I have been disappointed with the welfare world lately, and humanity in general I guess...more than usual. I am not sure why I as I know how it works and all the nuances of the issues that are ingrained into the system and into people. But, after a year of trying to get support for something that others say are important to them and actually live "the rescue life," it really all comes down to ego and petty behavior. Once again, something that I already knew, but in this case really is sad.
Today topped off that with the realization that I am also disappointed with myself as I no longer really live the "rescue life." I do not have the personal and community resources that I used to, do not have the support I used to. Therefore I am not able to make the difference I once used to. Therefore there is an incredibly friendly, unneutered, flea-ridden, smelly cat sitting somewhere in the woods right now. I had to leave him last night when I found him because I had nowhere to take him and no place in the very tiny house I just had to move into. No big crate, and no where to put him safely to shield from the fleas and spraying until I could figure out what to do. No way to make him safe and comfortable.
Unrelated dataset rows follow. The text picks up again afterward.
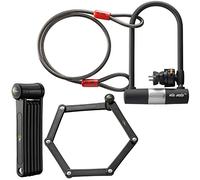 Electric Bike Bike Lock Set Triple Protection Via Velo 2022 New Heavy-Duty Hard Steel | 33.5”Folding Lock | 11" Bicycle U Lock | 6FT Cable | for Electric Bike Fat Tire Scooter Folding Bike Adult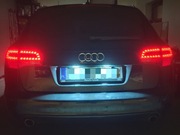 Oświetlenie tablicy rejestracyjnej LED Audi A6 C6 A4 B6 B7 A5 A6 A8 VW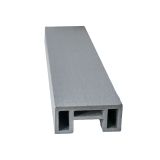 WPC SISTEM OGRAJA BAMBUSWPC U-PROFIL SVETLO SIVA 4000X90X40 MM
I had to walk away and I was, and am, sick to my stomach about it.
Today Animal Control treated me like I was ignorant and refused to help because "maybe someone is feeding him." And, yeah, so!?? Food is nothing without medical care and health, and suffering is what we are supposed to help with, or have they forgotten that. The shelter was kind enough to say they may be able to help, but only after a lecture about what the situation "probably is" in their mind. I didn't even bother to tell either of them about my history with rescue since there was no point. I felt like a schmuck and just kept silent.
I was up all night thinking about how to help him and today went to look for him again. I will do so again tomorrow, and the next day and the next day...
My car once again has a carrier, flea medicine and food in back, and I have decided to build something outside so if this happens again I do not have to rely on others.
Doing something is better than nothing...at least some things never change...
10/16/2021 - Well, I feel a little better tonight as he is safe inside and getting care. I found out where he was sleeping last night, fed him and left more food, and knew right where to find him this morning, and he was happy to see me. He was a good boy on the car ride and only a little freak-out, but quickly relaxed. I feel a little more human, a little less like a loser. I also realized that not being able to help him the other night was adding insult to injury in my life...rescue is so ingrained in who I am that not being able to do something is beyond devastating.
Life moves and changes...and helping one may not change the world, but it changes the world for that one...Good night, Apollo.